### [Assigned task]
Write down exactly what lies from the line containing "Used 2025 Lexus" to the end of the records, inclusive, and omit the pictures.

Web page caption snippets:
--
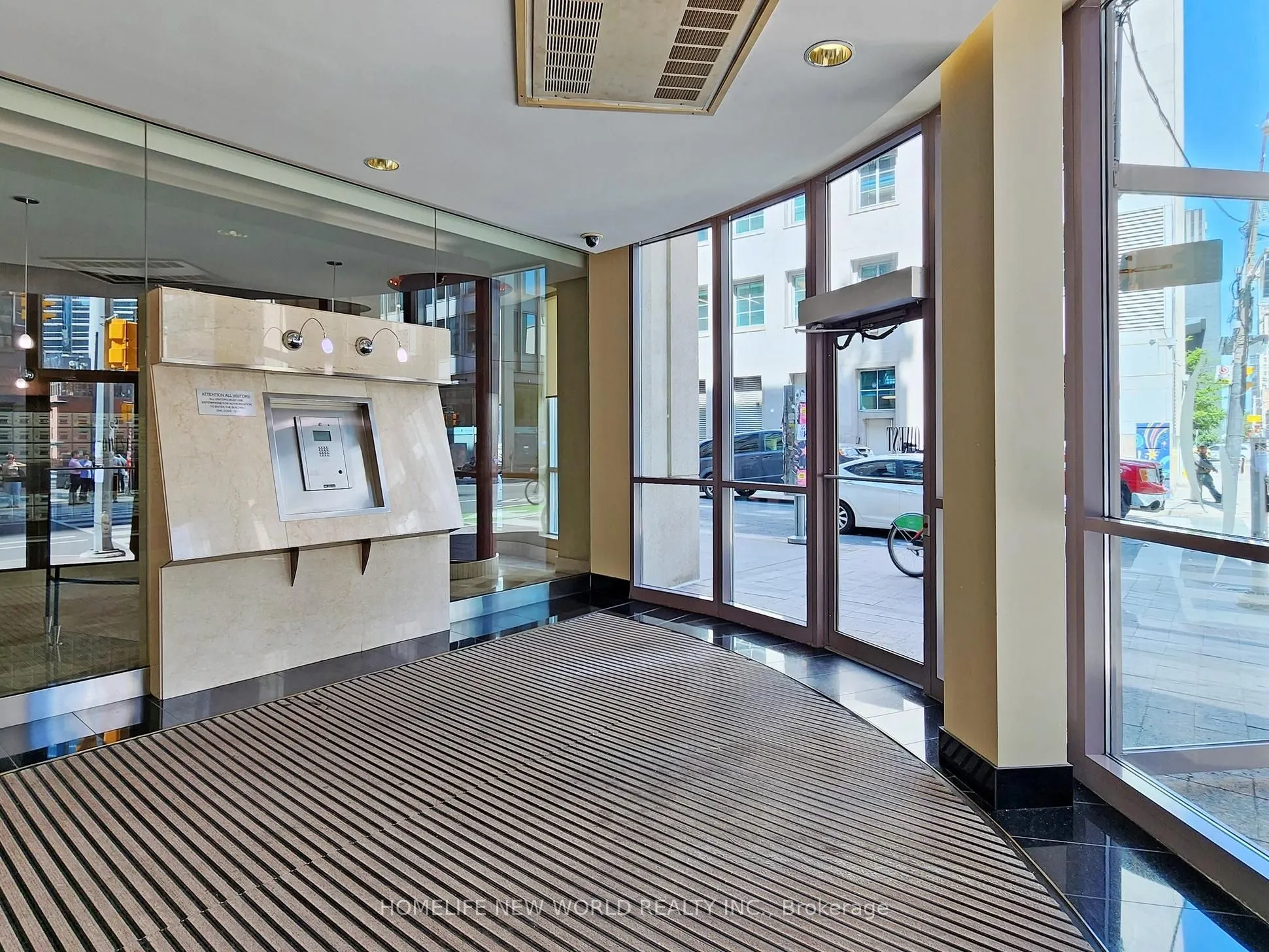 168 Simcoe Street, #303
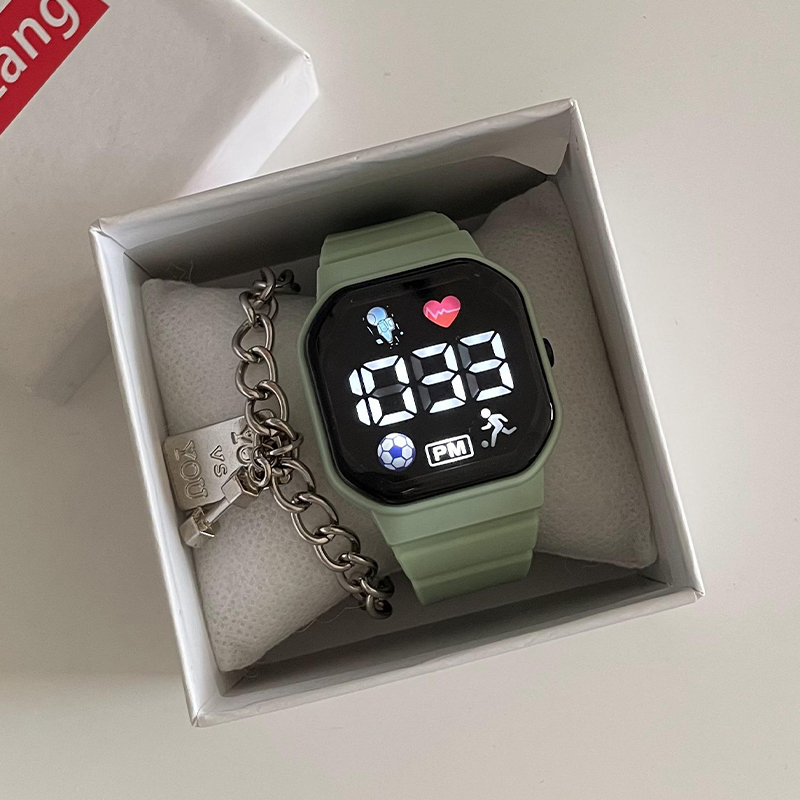 太空人足球女款学院风初高中学生 cojr手表国产腕表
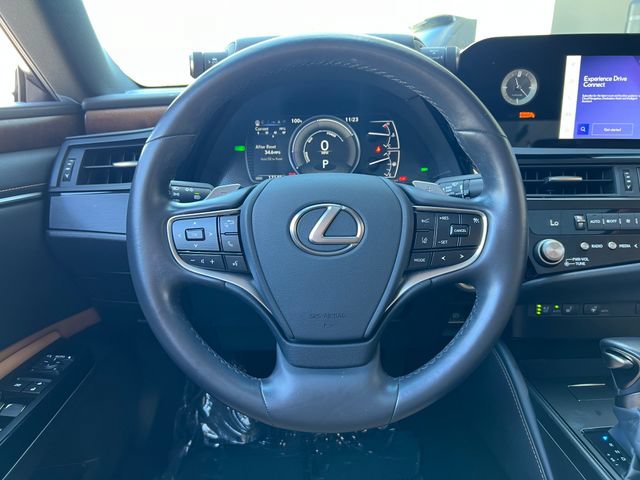Used 2025 Lexus ES 300h w/ Premium Package FWD image 45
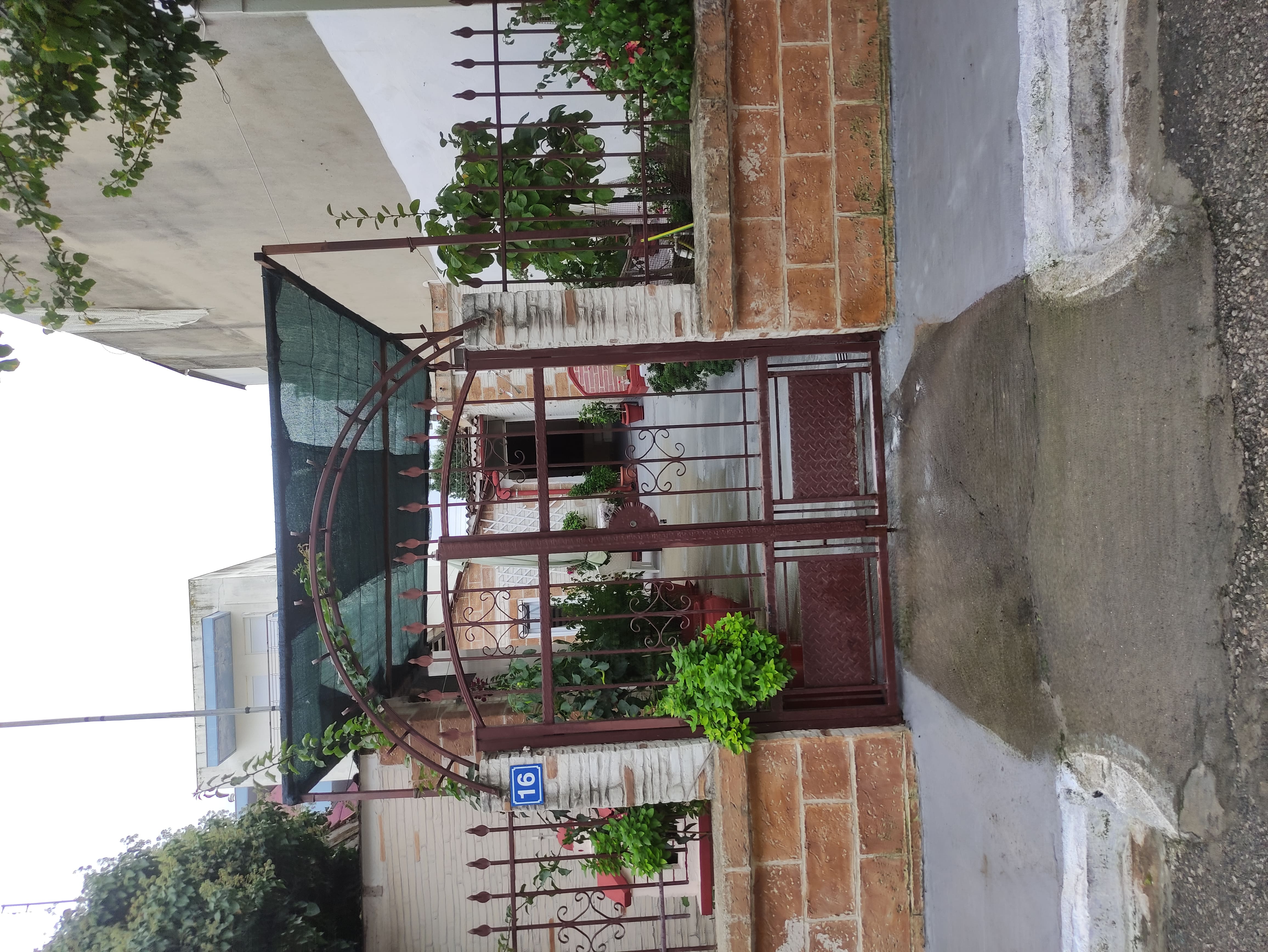 Οικόπεδο με κτίσμα  σε πλειστηριασμό Δήμος Θερμαϊκού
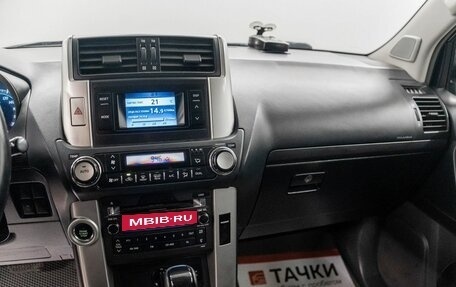 Toyota Land Cruiser Prado 150 рестайлинг 2, 2011 год, 2 890 000 рублей, 12 фотография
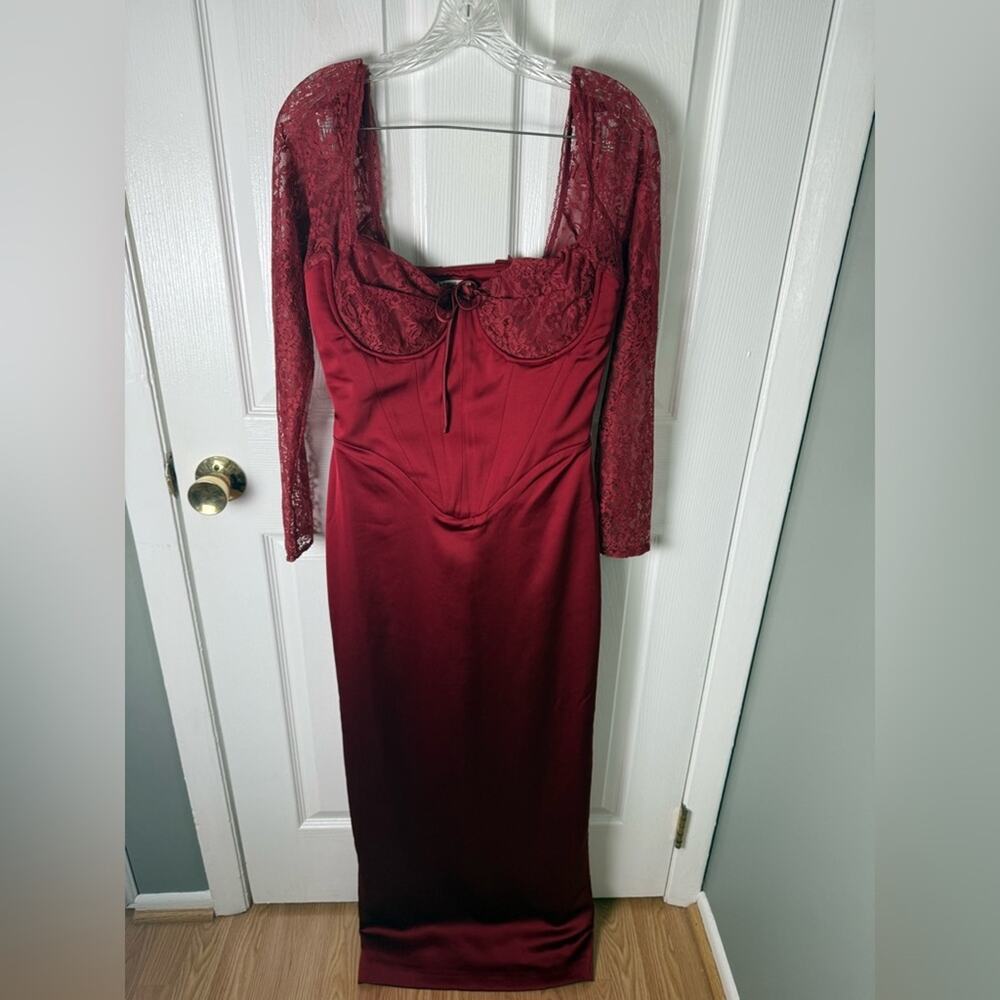 House of CB PERDI Berry Satin Maxi Dress With Corset M PLUS CUP - Picture 3 of 16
--
### [Response to the task]
Used 2025 Lexus ES 300h w/ Premium Package FWD image 45
 Οικόπεδο με κτίσμα  σε πλειστηριασμό Δήμος Θερμαϊκού
 Toyota Land Cruiser Prado 150 рестайлинг 2, 2011 год, 2 890 000 рублей, 12 фотография
 House of CB PERDI Berry Satin Maxi Dress With Corset M PLUS CUP - Picture 3 of 16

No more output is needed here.